Erlang/Elixir string performance - can this be improved?

Following this small benchmark experiment (https://blog.fefe.de/?ts=a2689de5), I wrote a short Elixir script to calculate the counts of distinct words in a text read from stdin. Other language versions are available (http://ptrace.fefe.de/wp/) as well as instructions to create the input file and some performance results (http://ptrace.fefe.de/wp/timings2019.txt).

#!/usr/bin/env elixir

# setup input stream for reading and tokenisation
IO.stream(:stdio, :line)
  |> Stream.flat_map(&(String.split(&1)))

  # ingest stream, count words, sort result
  |> Enum.reduce(%{}, fn x, acc -> Map.update(acc, x, 1, &(&1 + 1)) end)
  |> Map.to_list
  |> Enum.sort(fn {_, a}, {_, b} -> b < a end)

  # print it beautifully
  |> Enum.each(fn {word, count} ->
    IO.puts(String.pad_leading(Integer.to_string(count), 8) <> " " <> word)
  end)

It performs pretty badly:

% time ./exwp.exs < words.txt > /dev/null
./exwp.exs < words.txt > /dev/null  137.20s user 8.48s system 110% cpu 2:11.49 total

Comparing with the Ruby version from above link:

% time ./wp.rb < words.txt > /dev/null
./wp.rb < words.txt > /dev/null  21.54s user 0.19s system 99% cpu 21.750 total

Sure, this is not a typical use case and BEAM is not exactly famous for its string performance – but it’s fun to play around, right?
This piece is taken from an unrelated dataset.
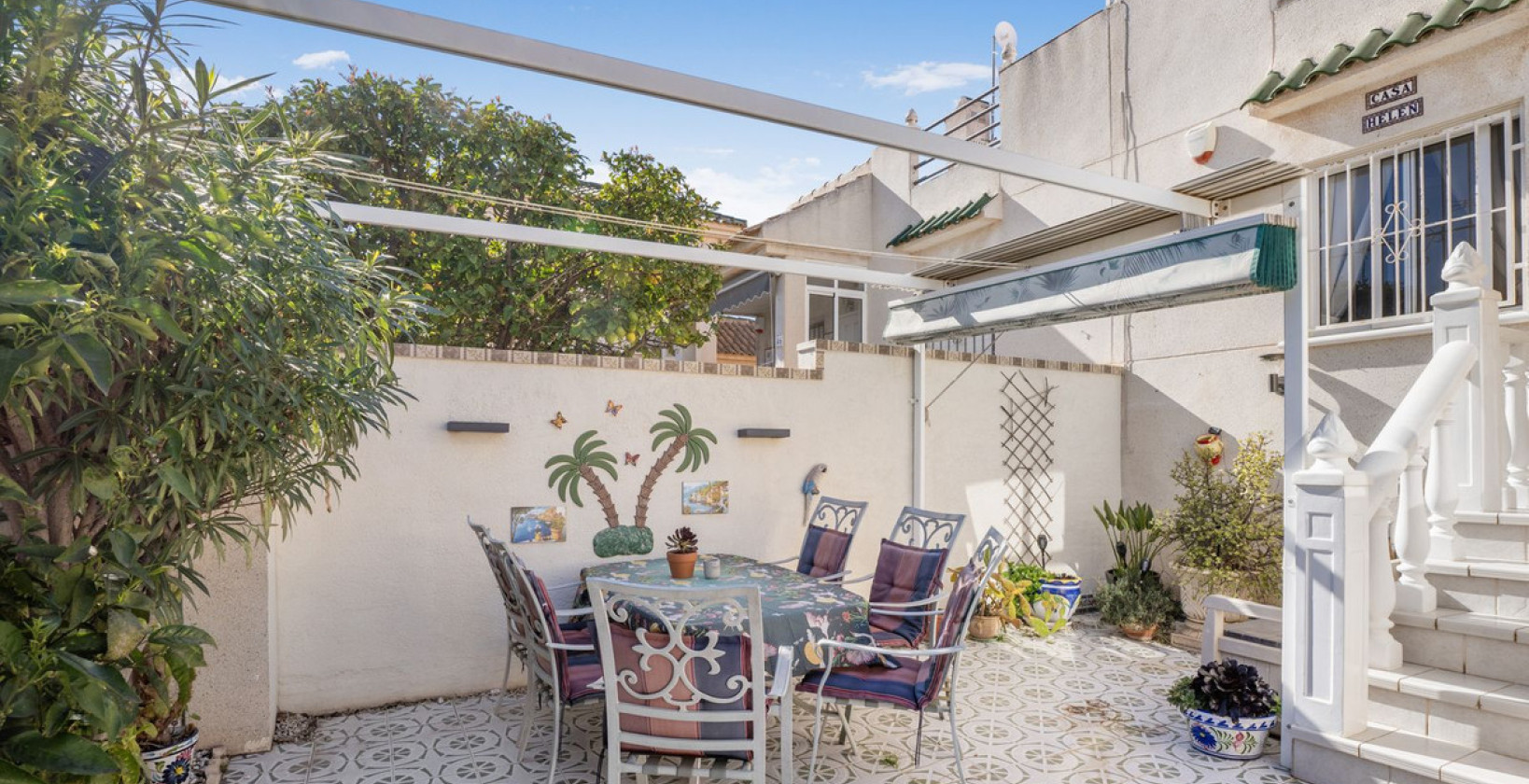 Återförsäljning - Villa - Orihuela Costa - Los Altos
Now I’m wondering, is it just my script? Is there room for improvement?

2 Likes

Welcome to the forum,

There is a better implementation :slight_smile:

PS: You might have a look at Flow as the example is about counting words in a textfile.

4 Likes

Could you share a link to the input?

I tried generating it and

➜  llvm-8.0.0.src find . -type f | xargs cat | tr -sc 'a-zA-Z0-9_' ' ' | ../lines > words.txt
tr: Illegal byte sequence
2 Likes

To be precise, what is slow in this case is not the string processing, but the fact that Map is a immutable data-structure. For example, using :ets.update_counter/4 should speed up things considerably. The documentation for Flow talks about this too.

7 Likes

For me

% find . -type f | xargs cat | LANG="en_US.ISO-8859-1" tr -sc 'a-zA-Z0-9_' ' ' | ../lines > words.txt

did work. I put it on my server as well (http://teralink.net/~serpent/words.txt).

2 Likes

For reference, your original code took 1:54 total on my machine.

Simply running

IO.stream(:stdio, :line)
|> Stream.flat_map(&(String.split(&1)))
|> Stream.run()

takes around 35s on my machine. So just reading from IO and splitting is already slower than the full ruby implementation.
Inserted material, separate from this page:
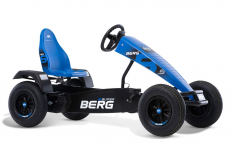 BERG Pedal-Gokart B.Super Blue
Switching to IO.binstream speeds it up from 35 to 25s , so that’s one step. The difference is that we don’t have UTF8 support, which I assume most of the implementations don’t bother with anyway.

Next lets take a look at @josevalim’s suggestion of using ETS

# Create the ETS table
:ets.new(:words, [{:write_concurrency, true}, :named_table])

# setup input stream for reading and tokenisation
IO.binstream(:stdio, :line)
|> Stream.flat_map(&String.split(&1))
# Insert and update counters for each word in table
|> Enum.each(fn word -> :ets.update_counter(:words, word, {2, 1}, {word, 0}) end)

# Read all rows from the table
:ets.match_object(:words, {:"$0", :"$1"})
|> Enum.sort(fn {_, a}, {_, b} -> b < a end)
# print it beautifully
|> Enum.each(fn {word, count} ->
  IO.puts(String.pad_leading(Integer.to_string(count), 8) <> " " <> word)
end)

This runs in 42s on my machine, so we’ve made a big improvement from 114s. We can shave another 2s off by replacing the last line with building an iolist.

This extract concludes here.